Thursday, June 02, 2011

Writer People, Please!!! Control Your Conference Karma

Current Project: Putting together two proposals requested by an agent
Status: Beginning

So you’re going to a writers conference! Could be good news for your writing career; could be bad news: too early to tell. Many a writer’s career took off at a conference; many took a nosedive.

What controls whether or not your attendance is a good idea?
Your attitude and your behavior. Cool, huh? Your conference destiny is within your control! That doesn’t mean controlling it is easy or instinctive. Hard work and painful self-awareness are involved. Here are my no-holds-barred tips to get you prepared:

1.)    Know what you want to get out of this particular conference.
Having goals and focus is important if you want to make the most of your conference attendance. Your goal for your first conference may be simply to discover what it’s like and how it works. Some conferences offer unique opportunities, such as the chance to attend a workshop taught by someone you admire, or the chance to network with people from all over the country, or the chance to pitch to an agent who’s impressed you. Over time, you will grow as a writer. Most likely your needs and goals will change from conference to conference as well.

2.)    Writer people, please!
Remember: your reputation is a terrible thing to waste. Treat everyone with courtesy and respect. If someone is rude or hurts your feelings, write about it in your Conference Negativity Journal. Then focus on your positive experiences—of which there are always many more. First and foremost, don’t gossip, criticize or complain. Be professional.

After the conference, take your negativity journal home and burn it in your backyard fire pit. Cleanse any remaining anger from your soul. Decide if there’s a lesson to be learned from the unhappy experience. Then move on.

3.)   Build positive karma.
Volunteering adds to your positive image, besides giving you additional chances to network. For example, if you introduce a speaker (AKA agent, editor, best-selling author, up-and-coming writer), that person will remember you. That’s networking at its finest!

Or you might help set up the banquet hall with another unpublished writer, and two years later she may be a best-selling author who will remember you and agree to give you a quote for your debut book. I kid you not; these things happen. That’s positive karma at work.

4.)    Don’t chicken out. (Liar! You know exactly what I mean.)
If you plan to pitch, then pitch, dammit! The more you put yourself out there as a writer, the easier it gets. Really. Most agents and editors are very nice people who want to help writers. Even if they aren’t interested in your story, many will give you invaluable advice as well as feedback on your pitch.

5.)    Spread the love.
Smile, smile, and smile some more. Bolster spirits. Encourage participation. Ask questions. Really listen to others. Share the limelight. Hang out with other smiling people. Thank everyone for everything.

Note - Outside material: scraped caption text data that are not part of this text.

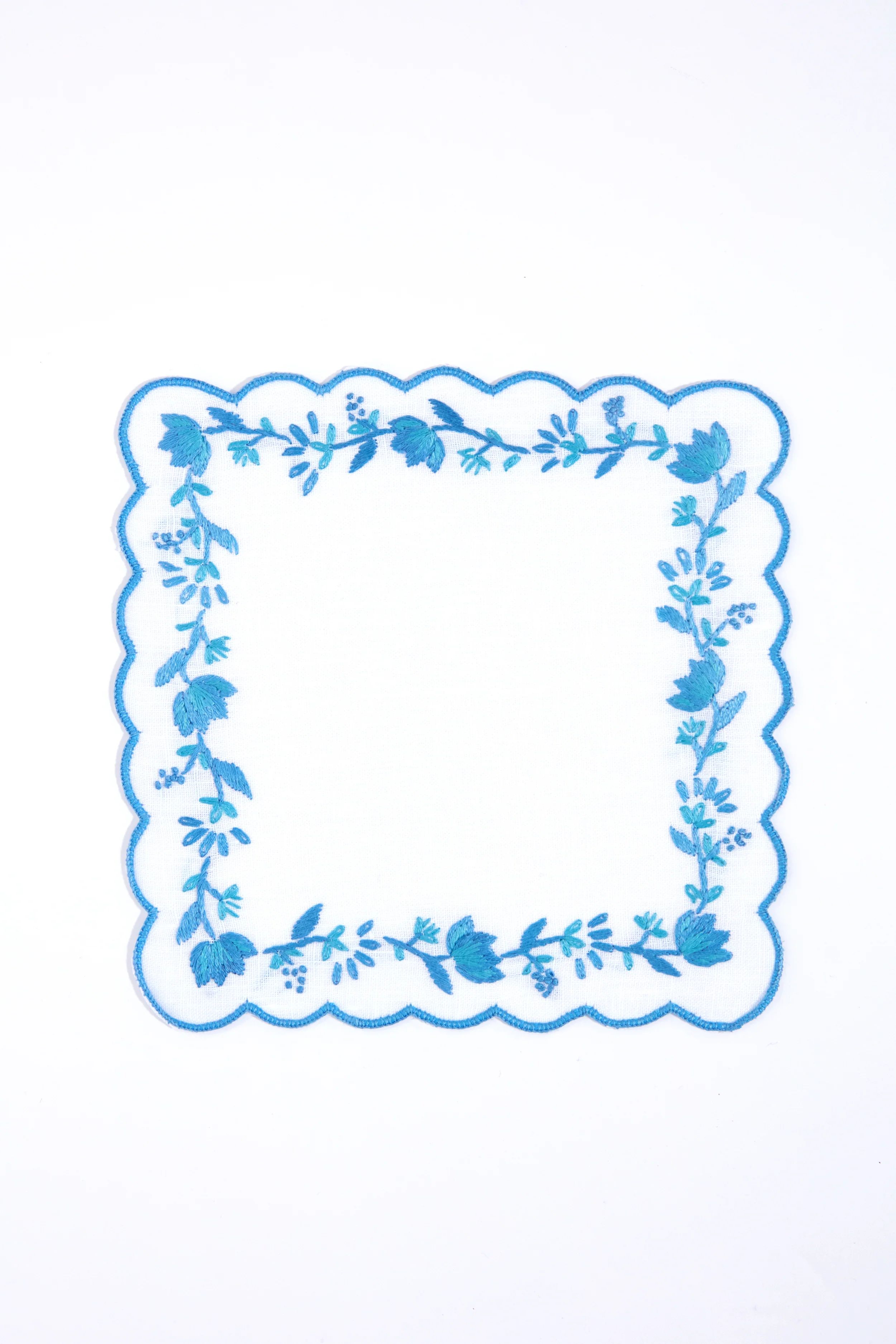 Blue and White Floral Cocktail Napkins Set of 4 | Tuckernuck (US)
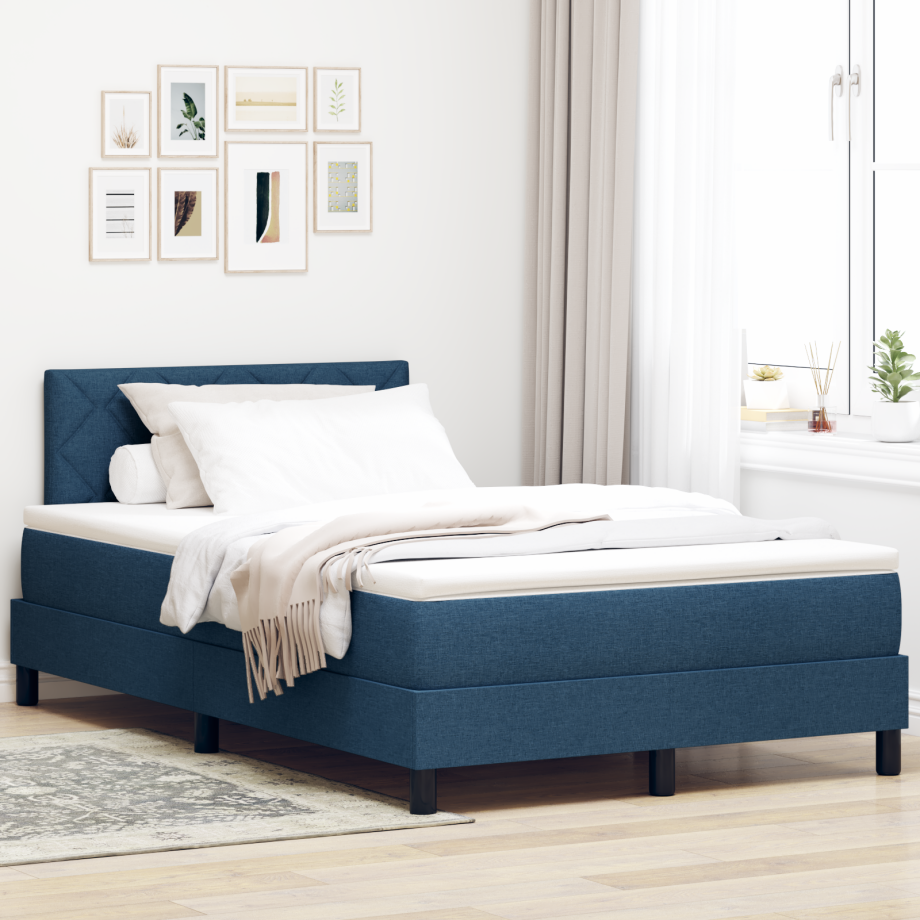 vidaXL Boxspringbed met Matras Blauw 120x200 cm Stof afbeelding 1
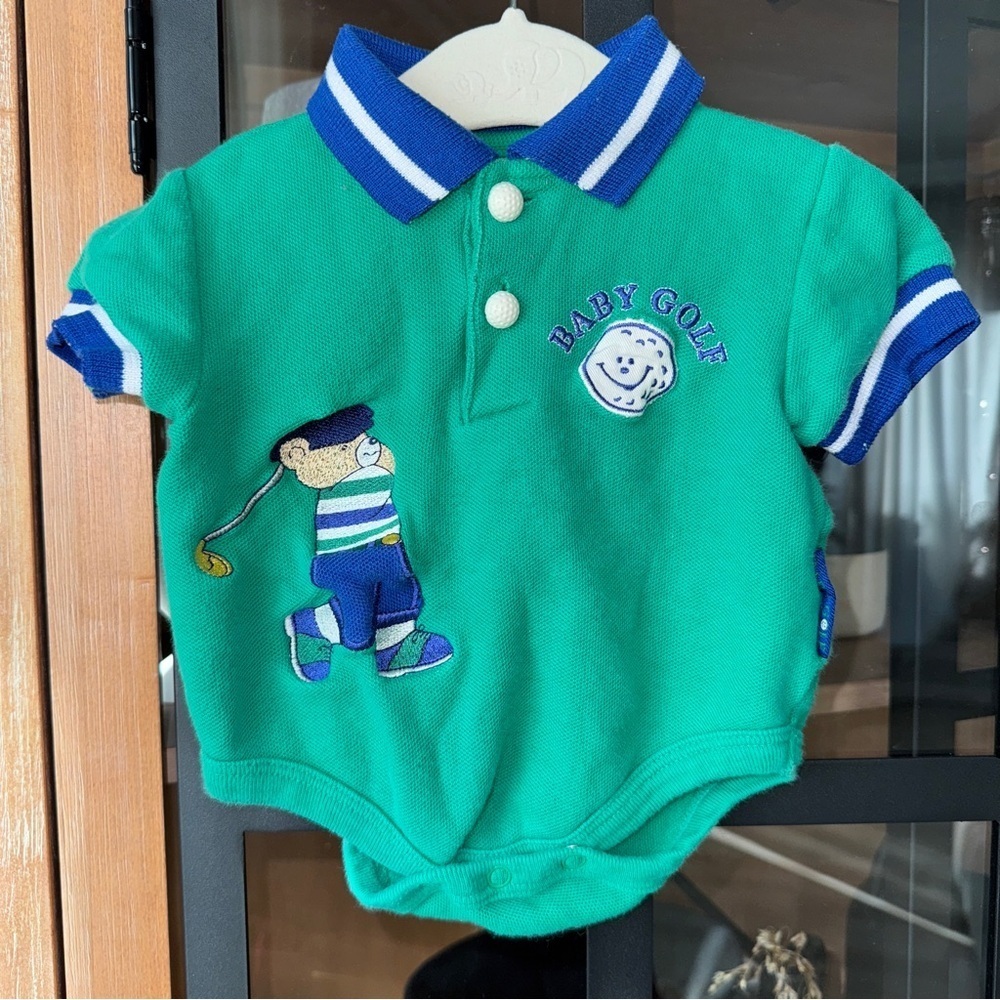 Vintage Baby Golf teddy bear embroidered polo onesie boys kelly short sleeve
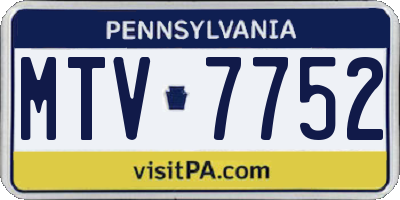 PA license plate MTV7752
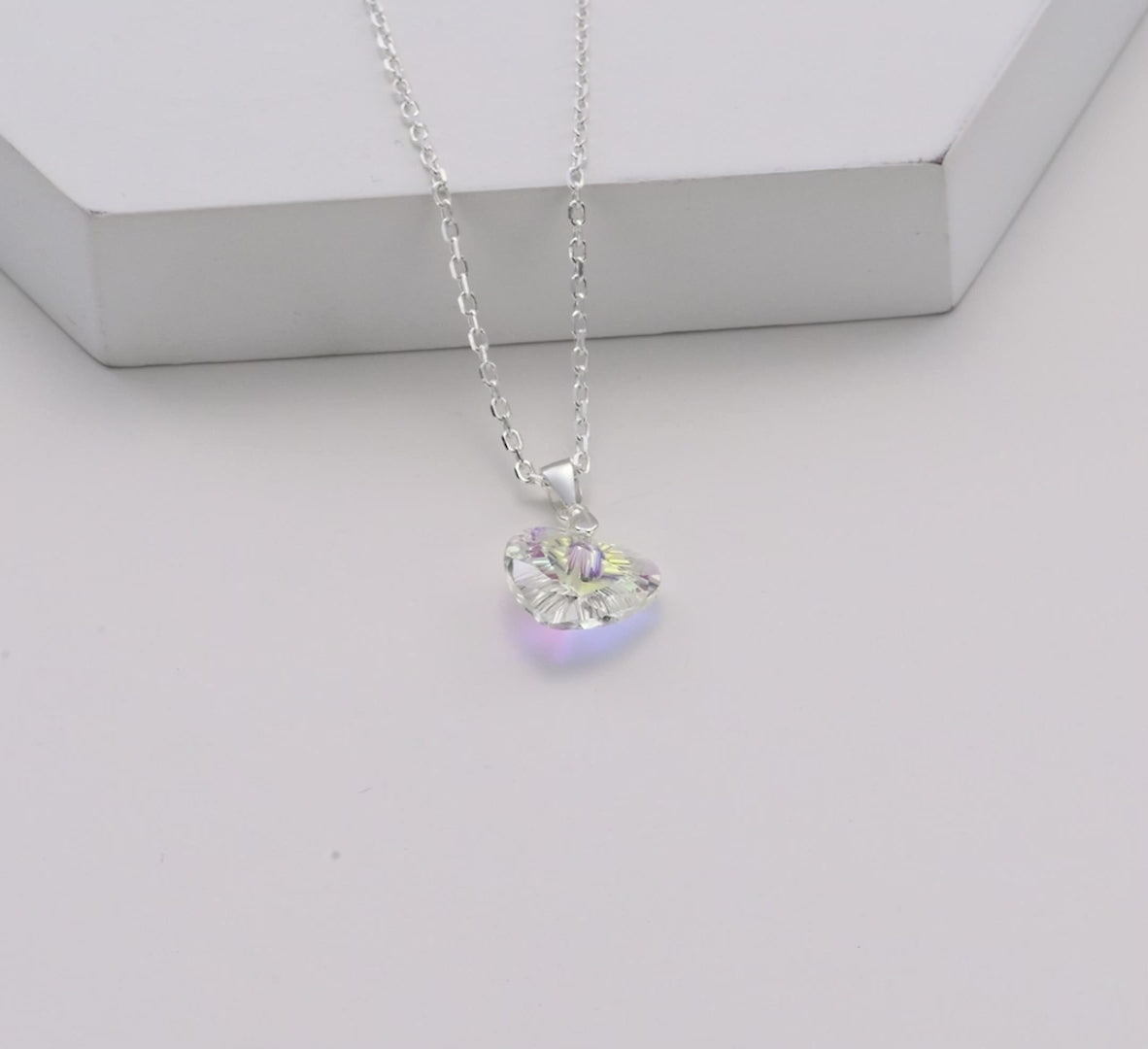 Sterling Silver Aurora Borealis Heart Necklace Created with Zircondia® Crystals Video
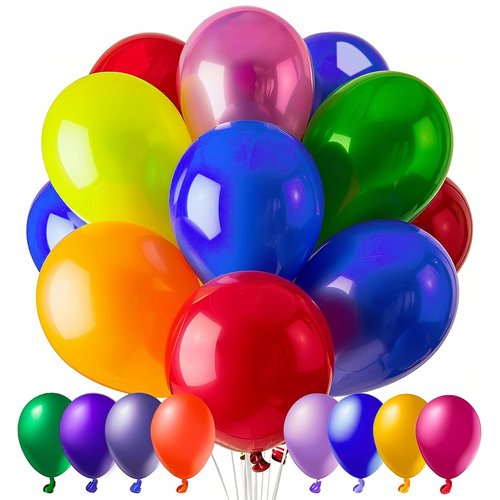 100 PCS Balloons, 12 Inch Assorted Colors Balloon & 10 Kinds of Color Balloons, Latex Balloon Bulk for Birthday, Baby Shower, Wedding, Family Party.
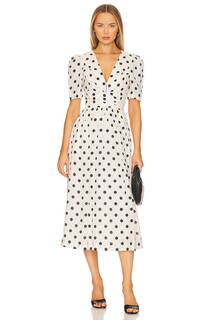 Платье миди Zimmermann Midi Dress, цвет Cream &amp; Black Dot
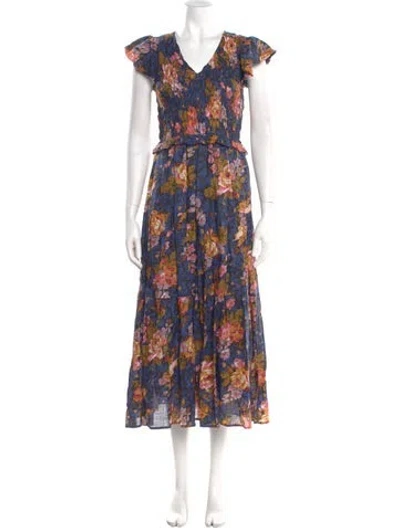 Pre-owned Sea New York Floral Print Long Dress In Blue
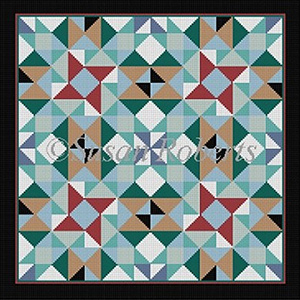 Susan Roberts Needlepoint Designs - Hand-painted Canvas - Pinwheel Cross Quilt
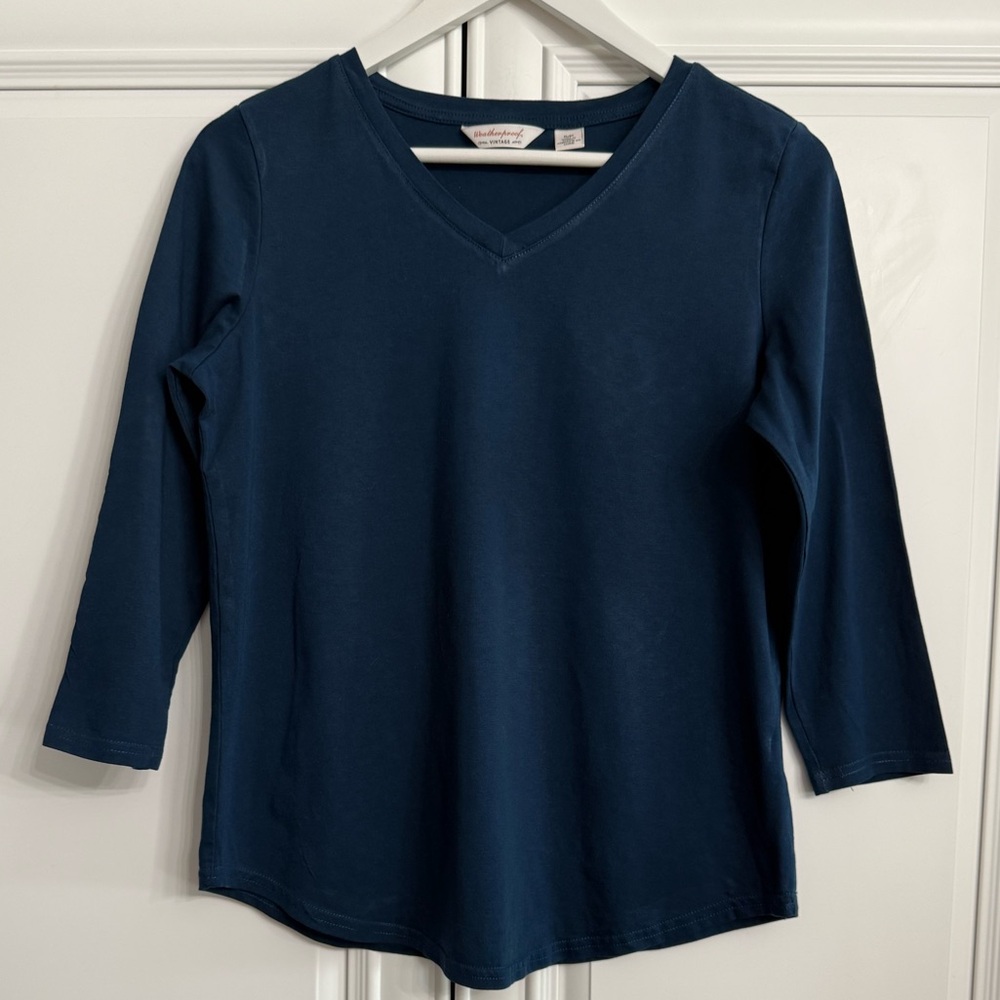 Weatherproof Vintage Women’s Size Small Navy V-Neck 3/4 Sleeve T-Shirt Top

Remember that Conference Negativity Journal? Keep a Conference Gratitude Journal as well. Treasure this record of your conference experience. Read it often. Feel your power.
And smile.


chanceofbooks said...

loved this post, Sarah!

Sarah Raplee said...

Thanks, Bethany.

Genene Valleau said...

This was a fun post, Sarah, and I loved the title! Oh yeah, it also contained a lot of good advice. :)

Tam Linsey said...

Nice checklist, Sarah. Thanks for putting it up!

Paty Jager said...

Great post, Sarah. Are you by any chance going to Nationals?

Sarah Raplee said...

Thanks for stopping by, Genene and Tam. Paty, I'm not going to Nationals this year. I'm hoping to go next year in Anaheim, CA.

Vonnie Alto said...

I agree with everything you said, Sarah. It's essential to have goals when going to a conference otherwise you can get sidetracked. As for rude attenders, I try to avoid them to protect my reputation.

It just occurred to me that the opposite of negativity is gratitude. I never thought of a conference gratitude/negativity journal. What an interesting concept!

Judith Ashley said...

I really agree with your tip on volunteering. I've found it an invaluable experience for many being exposure and another is the 'what goes around comes around' concept.

Thanks for all the good ideas!

Sarah Raplee said...

Thank you for stopping by, Vonnie and Judith. When you have time, check out some of the other bloggers' posts. They are a bunch of savvy writers!